- Born: June 1, 1965 (age 60) Alexandria
- Occupations: politician, lawyer
- Known for: Chairman of the Foreign Relations Committee in the Egyptian parliament, Executive Partner at Internationale Legal Consultants

= Karim Darwish (politician) =

Egyptian member of parliament

Karim Abdel Karim Darwish (Arabic: كريم درويش; born 1965) is an Egyptian politician and lawyer. He is a member of the Egyptian House of Representatives and the Managing Partner of ILC Egypt.

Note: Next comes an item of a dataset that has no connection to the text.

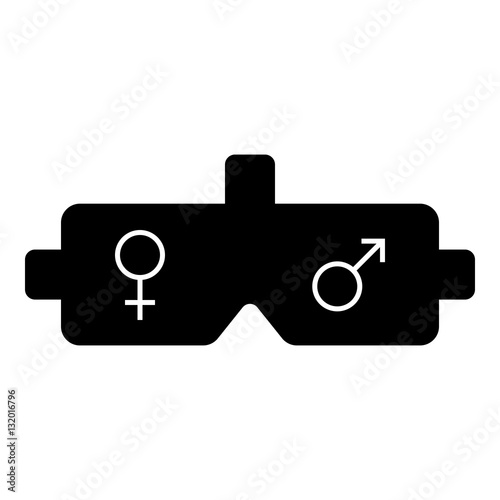 Virtual sex icon - Glyph - Black filled style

== Educational Background ==
Karim Darwish graduated from the German school in Dokki, Egypt in 1983. He holds a Bachelor of Economics and a Bachelor of Laws (LLB) from Cairo University. Karim also holds a Master of Economics from the School of Oriental and African Studies in London, United Kingdom. He speaks four languages: Arabic, German, English and French.

== Career ==

Karim worked in the Egyptian Foreign Ministry as a diplomat in the department of international organizations from 1988 to 1992. During 1992 to 2009 he shifted careers and worked in the banking sector where he became regional manager of the Middle East for a number of international and European banks. In 2016, Karim was nominated by President Abdel Fattah Al-Sisi to join the Egyptian House of Representatives. He has since been nominated for chairman of the Foreign Relations Committee, president of the Parliamentary Assembly of the Mediterranean, vice-president of the Egypt Support Coalition and assistant secretary-general of the Future of the Nation Party. Outside of his parliamentary responsibilities, Darwish has been involved in various professional activities connected to economic development and international cooperation. In addition to his political career, Darwish is also an early-stage investor in emerging startup projects, including the “Move to Germany” platform, and the Germany-based digital services startup Klevora.

== Family ==
Karim Darwish is married with 3 children. He is the son of Dr. Laila Takla and Dr. Abdel Karim Darwish.